C'était véritablement un service très élevé que celui qui était attaché aux «choses saintes». Seuls les yeux des sacrificateurs pouvaient les voir et seules leurs mains pouvaient les toucher. Lorsqu'elles étaient portées à travers le désert, elles étaient cachées aux yeux des hommes sous le drap ayant la couleur du ciel et sous la couverture rugueuse de peaux de taissons — et celui qui les portait n'en saisissait que les barres.

Si les fils de Merari avaient quelques moyens à disposition pour le transport des éléments extérieurs du tabernacle, et si les fils de Guershon, qui portaient le tabernacle proprement dit, en avaient aussi, bien qu'en moindre quantité, les Kéhathites en revanche ne pouvaient en avoir. Moïse ne leur «en donna pas… car le service du lieu saint leur appartenait: ils portaient sur l'épaule» (7:9). Dans le service chrétien, on peut avoir recours à bien des moyens auxiliaires recommandables: nous pensons par exemple aux écoles et aux dispensaires dans les champs missionnaires. Mais s'il s'agit de la substance du christianisme, de la valeur infinie de Christ, de la connaissance de la gloire de sa personne et de son œuvre — choses merveilleuses dont nous avons à porter le témoignage à travers le monde — aucun moyen humain ne peut intervenir.

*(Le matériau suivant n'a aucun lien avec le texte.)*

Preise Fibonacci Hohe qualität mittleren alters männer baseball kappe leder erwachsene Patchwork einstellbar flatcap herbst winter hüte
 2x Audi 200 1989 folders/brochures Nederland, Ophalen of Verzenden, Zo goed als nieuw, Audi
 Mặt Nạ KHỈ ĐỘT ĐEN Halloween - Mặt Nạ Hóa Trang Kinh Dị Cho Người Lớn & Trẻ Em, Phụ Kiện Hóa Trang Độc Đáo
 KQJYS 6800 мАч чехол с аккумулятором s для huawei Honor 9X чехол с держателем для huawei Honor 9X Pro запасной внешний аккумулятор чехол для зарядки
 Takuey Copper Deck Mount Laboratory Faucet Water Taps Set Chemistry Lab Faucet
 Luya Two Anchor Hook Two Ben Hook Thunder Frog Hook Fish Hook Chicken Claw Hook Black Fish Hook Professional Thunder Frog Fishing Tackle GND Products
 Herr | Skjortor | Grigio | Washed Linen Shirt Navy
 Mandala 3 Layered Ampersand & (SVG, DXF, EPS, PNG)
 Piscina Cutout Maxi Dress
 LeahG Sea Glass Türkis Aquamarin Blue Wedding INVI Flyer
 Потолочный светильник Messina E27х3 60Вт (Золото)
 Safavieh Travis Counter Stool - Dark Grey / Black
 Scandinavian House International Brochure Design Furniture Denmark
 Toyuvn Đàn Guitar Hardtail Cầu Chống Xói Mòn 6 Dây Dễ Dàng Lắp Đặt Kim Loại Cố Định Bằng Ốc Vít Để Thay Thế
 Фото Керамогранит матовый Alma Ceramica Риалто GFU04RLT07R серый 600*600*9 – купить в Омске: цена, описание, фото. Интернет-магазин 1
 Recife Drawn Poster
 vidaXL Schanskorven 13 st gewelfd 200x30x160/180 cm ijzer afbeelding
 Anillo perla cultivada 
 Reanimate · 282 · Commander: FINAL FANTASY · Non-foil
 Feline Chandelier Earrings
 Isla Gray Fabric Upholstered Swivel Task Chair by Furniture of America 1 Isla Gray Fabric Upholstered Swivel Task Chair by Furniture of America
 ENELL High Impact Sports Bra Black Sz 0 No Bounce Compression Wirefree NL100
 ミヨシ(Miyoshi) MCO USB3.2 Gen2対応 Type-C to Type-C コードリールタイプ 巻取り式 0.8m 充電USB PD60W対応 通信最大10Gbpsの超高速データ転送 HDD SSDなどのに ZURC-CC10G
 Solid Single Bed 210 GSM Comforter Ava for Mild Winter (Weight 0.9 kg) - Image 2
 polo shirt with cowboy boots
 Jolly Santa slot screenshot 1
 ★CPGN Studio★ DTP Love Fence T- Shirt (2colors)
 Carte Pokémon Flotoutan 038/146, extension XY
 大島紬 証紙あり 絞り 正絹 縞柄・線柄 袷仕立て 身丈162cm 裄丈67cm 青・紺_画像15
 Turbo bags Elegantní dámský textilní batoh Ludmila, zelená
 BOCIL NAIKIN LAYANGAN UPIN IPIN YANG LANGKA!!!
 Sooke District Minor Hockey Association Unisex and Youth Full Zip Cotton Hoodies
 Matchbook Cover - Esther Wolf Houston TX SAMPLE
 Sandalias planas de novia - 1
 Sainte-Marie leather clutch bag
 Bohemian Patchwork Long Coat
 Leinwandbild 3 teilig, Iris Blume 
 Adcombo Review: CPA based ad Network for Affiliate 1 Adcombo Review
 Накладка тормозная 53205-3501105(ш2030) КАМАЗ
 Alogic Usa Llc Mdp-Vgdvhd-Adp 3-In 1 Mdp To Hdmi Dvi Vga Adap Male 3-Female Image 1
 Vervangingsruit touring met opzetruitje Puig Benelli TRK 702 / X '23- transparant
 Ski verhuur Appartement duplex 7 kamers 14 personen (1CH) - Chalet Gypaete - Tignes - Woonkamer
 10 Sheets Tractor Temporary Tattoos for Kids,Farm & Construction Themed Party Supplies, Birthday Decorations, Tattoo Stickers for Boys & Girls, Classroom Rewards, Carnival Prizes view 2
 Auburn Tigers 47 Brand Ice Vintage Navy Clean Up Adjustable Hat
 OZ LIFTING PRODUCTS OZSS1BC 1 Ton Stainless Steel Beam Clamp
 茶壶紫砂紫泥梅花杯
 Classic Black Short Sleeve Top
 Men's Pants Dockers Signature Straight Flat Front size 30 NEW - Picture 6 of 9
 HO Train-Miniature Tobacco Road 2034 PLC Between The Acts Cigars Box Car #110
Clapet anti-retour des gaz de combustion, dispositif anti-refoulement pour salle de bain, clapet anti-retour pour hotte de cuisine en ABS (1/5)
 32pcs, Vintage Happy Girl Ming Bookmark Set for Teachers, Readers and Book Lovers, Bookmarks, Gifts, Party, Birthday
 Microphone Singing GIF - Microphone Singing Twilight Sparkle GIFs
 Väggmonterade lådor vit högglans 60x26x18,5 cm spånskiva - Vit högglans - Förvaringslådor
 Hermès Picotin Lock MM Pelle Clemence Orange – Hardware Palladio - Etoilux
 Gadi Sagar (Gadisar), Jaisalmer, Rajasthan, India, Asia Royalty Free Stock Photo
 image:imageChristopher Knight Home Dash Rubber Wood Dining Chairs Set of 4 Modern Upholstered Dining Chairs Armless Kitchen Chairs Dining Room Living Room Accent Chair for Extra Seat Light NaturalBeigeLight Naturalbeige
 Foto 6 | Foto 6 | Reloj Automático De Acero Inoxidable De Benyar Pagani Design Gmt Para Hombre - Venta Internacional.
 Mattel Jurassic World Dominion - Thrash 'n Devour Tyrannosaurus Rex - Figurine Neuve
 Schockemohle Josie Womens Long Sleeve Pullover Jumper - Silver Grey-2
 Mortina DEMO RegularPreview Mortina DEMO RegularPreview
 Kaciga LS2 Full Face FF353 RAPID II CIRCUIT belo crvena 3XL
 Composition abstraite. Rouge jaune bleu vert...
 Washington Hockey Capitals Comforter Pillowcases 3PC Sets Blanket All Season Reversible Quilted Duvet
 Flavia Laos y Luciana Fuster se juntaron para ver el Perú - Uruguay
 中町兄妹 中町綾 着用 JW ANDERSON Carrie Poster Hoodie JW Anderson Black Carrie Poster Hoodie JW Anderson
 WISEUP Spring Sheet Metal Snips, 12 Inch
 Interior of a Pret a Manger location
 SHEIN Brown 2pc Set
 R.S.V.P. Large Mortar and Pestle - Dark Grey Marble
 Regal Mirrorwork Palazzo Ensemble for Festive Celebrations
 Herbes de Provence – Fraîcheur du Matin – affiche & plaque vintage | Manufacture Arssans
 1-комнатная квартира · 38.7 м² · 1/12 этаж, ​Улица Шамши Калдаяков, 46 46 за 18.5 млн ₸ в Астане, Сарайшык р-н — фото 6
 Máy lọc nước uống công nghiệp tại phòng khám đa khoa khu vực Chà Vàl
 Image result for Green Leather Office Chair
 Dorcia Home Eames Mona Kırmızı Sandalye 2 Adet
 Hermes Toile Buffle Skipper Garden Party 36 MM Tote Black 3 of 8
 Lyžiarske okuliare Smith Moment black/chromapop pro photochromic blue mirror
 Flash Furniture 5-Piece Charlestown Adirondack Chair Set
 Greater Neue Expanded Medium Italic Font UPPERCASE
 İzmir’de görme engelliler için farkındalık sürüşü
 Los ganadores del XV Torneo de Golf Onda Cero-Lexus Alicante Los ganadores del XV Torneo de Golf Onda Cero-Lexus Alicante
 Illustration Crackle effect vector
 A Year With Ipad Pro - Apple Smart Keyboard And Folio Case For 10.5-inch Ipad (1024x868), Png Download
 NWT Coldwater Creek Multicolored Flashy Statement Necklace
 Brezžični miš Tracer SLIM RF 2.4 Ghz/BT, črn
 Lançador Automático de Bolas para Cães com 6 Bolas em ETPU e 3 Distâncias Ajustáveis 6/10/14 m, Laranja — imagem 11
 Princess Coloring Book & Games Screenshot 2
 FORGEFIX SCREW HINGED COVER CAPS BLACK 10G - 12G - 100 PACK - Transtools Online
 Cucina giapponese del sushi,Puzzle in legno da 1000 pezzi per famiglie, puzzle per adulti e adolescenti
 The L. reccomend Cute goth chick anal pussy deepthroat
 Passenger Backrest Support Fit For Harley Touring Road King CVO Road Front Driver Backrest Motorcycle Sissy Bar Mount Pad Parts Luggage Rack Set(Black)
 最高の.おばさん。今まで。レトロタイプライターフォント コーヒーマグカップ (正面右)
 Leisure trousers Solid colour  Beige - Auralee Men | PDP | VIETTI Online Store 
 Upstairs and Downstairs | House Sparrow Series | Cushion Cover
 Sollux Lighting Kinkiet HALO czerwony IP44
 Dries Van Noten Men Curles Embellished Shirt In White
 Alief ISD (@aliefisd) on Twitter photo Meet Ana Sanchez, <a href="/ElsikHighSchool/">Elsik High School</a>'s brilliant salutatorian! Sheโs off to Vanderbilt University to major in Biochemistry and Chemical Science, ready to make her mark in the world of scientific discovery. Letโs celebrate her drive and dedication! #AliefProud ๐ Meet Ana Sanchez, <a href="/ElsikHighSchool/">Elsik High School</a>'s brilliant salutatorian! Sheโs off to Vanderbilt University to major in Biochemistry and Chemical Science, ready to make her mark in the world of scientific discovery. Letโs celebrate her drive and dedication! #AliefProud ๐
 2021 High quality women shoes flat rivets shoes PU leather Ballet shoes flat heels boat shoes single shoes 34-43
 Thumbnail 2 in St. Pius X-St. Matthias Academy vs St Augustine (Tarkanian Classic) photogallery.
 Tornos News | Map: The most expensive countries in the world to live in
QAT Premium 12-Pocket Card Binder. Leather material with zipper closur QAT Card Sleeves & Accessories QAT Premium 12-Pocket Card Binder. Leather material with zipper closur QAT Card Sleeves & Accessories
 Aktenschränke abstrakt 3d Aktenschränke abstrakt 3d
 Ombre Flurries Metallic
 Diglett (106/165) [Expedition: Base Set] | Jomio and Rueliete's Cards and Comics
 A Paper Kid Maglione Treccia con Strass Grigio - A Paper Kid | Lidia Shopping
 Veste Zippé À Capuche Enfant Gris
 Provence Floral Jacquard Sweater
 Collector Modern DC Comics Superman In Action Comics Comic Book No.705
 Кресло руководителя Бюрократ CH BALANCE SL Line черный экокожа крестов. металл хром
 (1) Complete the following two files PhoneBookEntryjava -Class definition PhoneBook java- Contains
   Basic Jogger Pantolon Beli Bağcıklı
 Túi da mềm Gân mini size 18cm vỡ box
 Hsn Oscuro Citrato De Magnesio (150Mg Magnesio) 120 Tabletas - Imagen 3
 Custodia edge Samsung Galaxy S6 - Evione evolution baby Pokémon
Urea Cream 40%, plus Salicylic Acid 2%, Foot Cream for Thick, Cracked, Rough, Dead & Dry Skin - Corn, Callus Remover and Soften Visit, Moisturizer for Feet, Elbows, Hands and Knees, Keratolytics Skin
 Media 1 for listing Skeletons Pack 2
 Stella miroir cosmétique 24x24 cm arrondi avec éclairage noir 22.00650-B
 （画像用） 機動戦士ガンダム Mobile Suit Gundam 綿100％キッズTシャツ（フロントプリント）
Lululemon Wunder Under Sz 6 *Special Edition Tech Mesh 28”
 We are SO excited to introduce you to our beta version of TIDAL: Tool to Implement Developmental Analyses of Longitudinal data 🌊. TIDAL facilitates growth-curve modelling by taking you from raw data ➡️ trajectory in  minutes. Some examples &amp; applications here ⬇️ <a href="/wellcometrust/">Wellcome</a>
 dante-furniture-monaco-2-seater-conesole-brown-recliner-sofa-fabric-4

Cela devient particulièrement clair avec l'arche du témoignage, le symbole du trône de Dieu au milieu du peuple. Non seulement elle avait sa place dans le lieu très saint, dans lequel Aaron lui-même n'avait accès qu'une fois l'an; elle était aussi portée au milieu du peuple. Elle en était le guide; c'était par elle que Dieu conduisait le peuple, ainsi que cela ressort des paroles de Moïse en Nombres 10:35, 36. Plus tard, David, animé de bonnes intentions, a voulu la conduire à Jérusalem sur un chariot; mais il a dû apprendre d'une manière douloureuse que l'arche de Dieu ne devait être «portée par personne excepté les Lévites» (1 Chroniques 15:2).

Prenons à cœur ce que représente pour nous aujourd'hui le service des Kéhathites. Nous avons à porter en nous le sentiment profond des gloires du Seigneur Jésus. Et ce que nous contemplons avec adoration dans le lieu saint, nous avons à l'emporter dans nos cœurs et à le faire fructifier dans une vie de service pour le Seigneur. Dans ses gloires cachées à ce monde, il doit être le mobile de toutes nos actions.

Quelle noblesse dans la vie d'un croyant qui est imprégné de la gloire de Christ! S'il en est ainsi pour nous, le poids des «barres» ne paraîtra pas trop lourd à nos épaules. Il est plus facile de laisser le service spirituel à d'autres que d'être toujours disposé à l'assumer soi-même; il est plus facile, dans les manifestations pratiques de la vie spirituelle, de suivre des schémas tout faits que de se confier à la seule direction du Saint Esprit; il est plus facile de se dérober aux responsabilités que de s'engager pour que demeure intact le témoignage des «choses saintes» que nous avons à porter à travers le monde. Que de force, de temps, de zèle et de dévouement sont nécessaires pour cela!

A l'heure d'un nouveau départ, mettons résolument «les barres» sur nos épaules. C'est pour Christ que nous le faisons. Bientôt «nous le verrons comme il est» (1 Jean 3:2). Et selon la scène d'Apocalypse 5, lorsque les êtres célestes entourant le trône et toutes les créatures parleront de «l'Agneau», nous dirons simplement «Tu» (cf. versets 8-13). — Nous le connaissions depuis si longtemps; il était si proche de nous, alors que nous portions «les choses saintes» tout au long du désert!